For regression, leave-one-out cross-validation is faster and more efficient than time-series cross-validation.

* Select one observation for test set, and use *remaining* observations in training set. Compute error on test observation.
* Repeat using each possible observation as the test set.
* Compute accuracy measure over all errors.

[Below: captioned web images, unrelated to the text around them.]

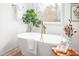 Bright bathroom featuring a modern tub next to a window, complemented by elegant decor and wood-look flooring at 206 Ellington Rd, Graham, NC 27253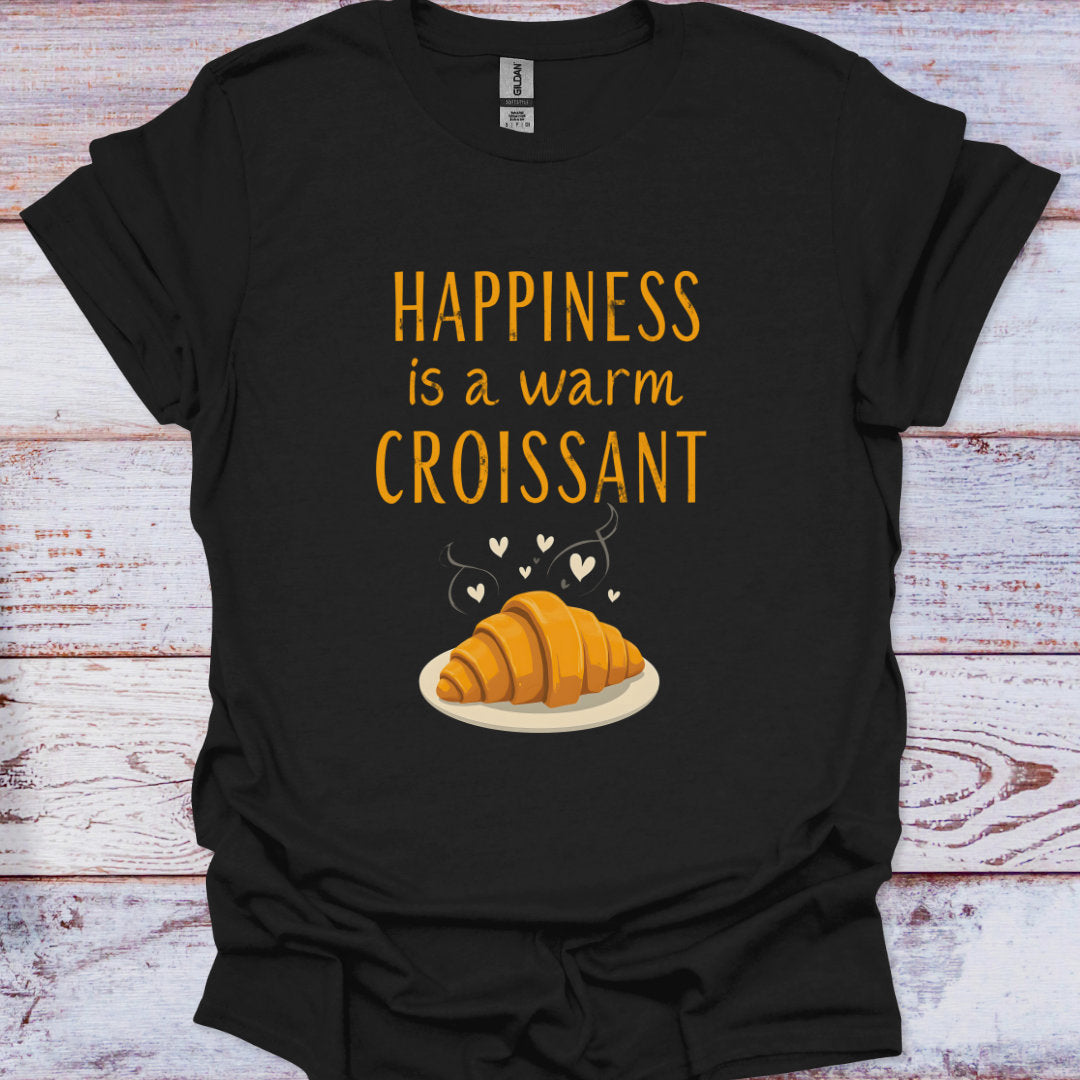 Black t-shirt with 'Happiness is a warm croissant' text and croissant graphic on a wooden surface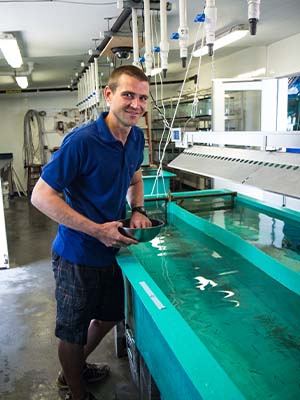Dr. John Paul tends to young muskellunge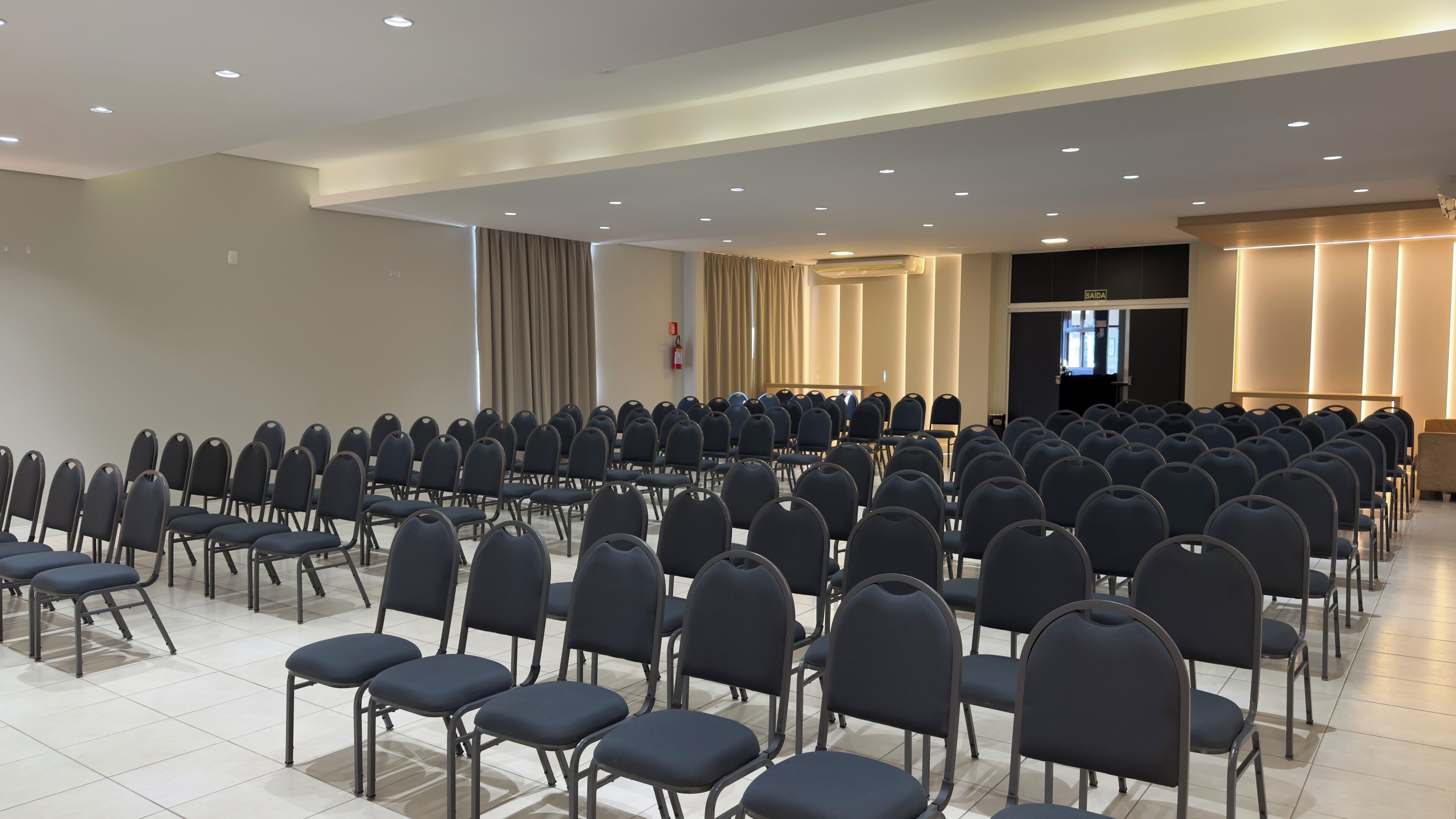 A conference room with rows of chairs, a podium, and a large window with curtains.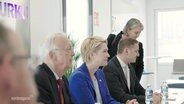Mecklenburg-Vorpommerns Ministerpräsidentin Manuela Schwesig sitzt in einem Besprechungsraum mit mehreren Personen an einem Tisch. © Screenshot 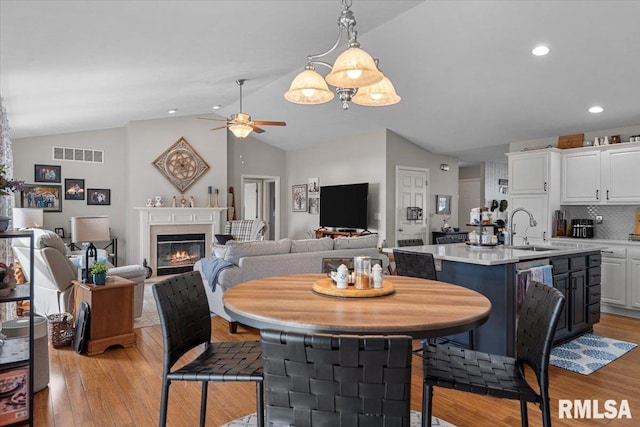 dining area with visible vents, lofted ceiling, a ceiling fan, and light wood finished floors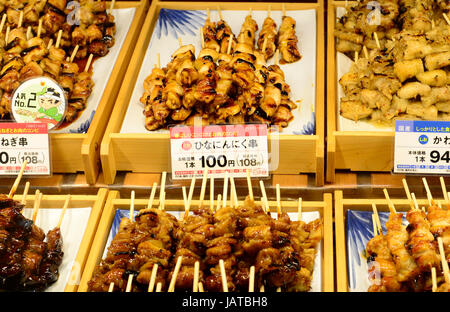 Yakitori and other Japanese grilled meat on skewers on display in a ...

```{r tscvplots, echo=FALSE}
tscv_plot <- function(.init, .step, h = 1) {
  expand.grid(
    time = seq(26),
    .id = seq(trunc(20 / .step))
  ) |>
    group_by(.id) |>
    mutate(
      observation = case_when(
        time <= ((.id - 1) * .step + .init) ~ "train",
        time %in% c((.id - 1) * .step + .init + h) ~ "test",
        TRUE ~ "unused"
      )
    ) |>
    ungroup() |>
    filter(.id <= 26 - .init) |>
    ggplot(aes(x = time, y = .id)) +
    geom_segment(
      aes(x = 0, xend = 27, y = .id, yend = .id),
      arrow = arrow(length = unit(0.015, "npc")),
      col = "black", size = .25
    ) +
    geom_point(aes(col = observation), size = 2) +
    scale_y_reverse() +
    scale_color_manual(values = c(train = "#0072B2", test = "#D55E00", unused = "gray")) +
    # theme_void() +
    # geom_label(aes(x = 28.5, y = 1, label = "time")) +
    guides(col = FALSE) +
    labs(x = "time", y = "") +
    theme_void() +
    theme(axis.title = element_text())
}
loocv_plot <- function() {
  expand.grid(time = seq(26), .id = seq(26)) |>
    group_by(.id) |>
    mutate(observation = if_else(time == .id, "test", "train")) |>
    ungroup() |>
    filter(.id <= 20) |>
    ggplot(aes(x = time, y = .id)) +
    geom_segment(
      aes(x = 0, xend = 27, y = .id, yend = .id),
      arrow = arrow(length = unit(0.015, "npc")),
      col = "black", size = .25
    ) +
    geom_point(aes(col = observation), size = 2) +
    scale_y_reverse() +
    scale_color_manual(values = c(train = "#0072B2", test = "#D55E00", unused = "gray")) +
    guides(col = FALSE) +
    labs(x = "time", y = "") +
    theme_void() +
    theme(axis.title = element_text())
}
```

## Cross-validation {-}

**Traditional evaluation**

```{r traintest1, fig.height=1, echo=FALSE, dependson="tscvplots"}
tscv_plot(.init = 18, .step = 20, h = 1:8) +
  geom_text(aes(x = 10, y = 0.8, label = "Training data"), color = "#0072B2") +
  geom_text(aes(x = 21, y = 0.8, label = "Test data"), color = "#D55E00") +
  ylim(1, 0)
```

\pause

**Time series cross-validation**

```{r tscvggplot1, echo=FALSE}
tscv_plot(.init = 3, .step = 1, h = 1) +
  geom_text(aes(x = 21, y = 0, label = "h = 1"), color = "#D55E00")
```

## Cross-validation {-}

**Traditional evaluation**

```{r traintest1a, fig.height=1, echo=FALSE, dependson="tscvplots"}
tscv_plot(.init = 18, .step = 20, h = 1:8) +
  geom_text(aes(x = 10, y = 0.8, label = "Training data"), color = "#0072B2") +
  geom_text(aes(x = 21, y = 0.8, label = "Test data"), color = "#D55E00") +
  ylim(1, 0)
```

**Leave-one-out cross-validation**

```{r, echo=FALSE}
loocv_plot() +
  geom_text(aes(x = 21, y = 0, label = "h = 1"), color = "#ffffff")
```

\only<2>{\begin{textblock}{4}(6,6)\begin{block}{}\fontsize{13}{15}\sf
CV = MSE on \textcolor[HTML]{D55E00}{test sets}\end{block}\end{textblock}}

## Bayesian Information Criterion

\begin{block}{}
$$
\text{BIC} = -2\log(L) + (k+2)\log(T)
$$
\end{block}
where $L$ is the likelihood and $k$ is the number of predictors in the model.\pause

* BIC penalizes terms more heavily than AIC
* Also called SBIC and SC.
* Minimizing BIC is asymptotically equivalent to leave-$v$-out cross-validation when $v = T[1-1/(log(T)-1)]$.

## Choosing regression variables
\fontsize{14}{15}\sf

**Best subsets regression**

* Fit all possible regression models using one or more of the predictors.
* Choose the best model based on one of the measures of predictive ability (CV, AIC, AICc).
\pause

**Backwards stepwise regression**

* Start with a model containing all variables.
* Subtract one variable at a time. Keep model if lower CV.
* Iterate until no further improvement.
* Not guaranteed to lead to best model.

## Ex-ante versus ex-post forecasts

 * *Ex ante forecasts* are made using only information available in advance.
    - require forecasts of predictors
 * *Ex post forecasts* are made using later information on the predictors.
    - useful for studying behaviour of forecasting models.

 * trend, seasonal and calendar variables are all known in advance, so these don't need to be forecast.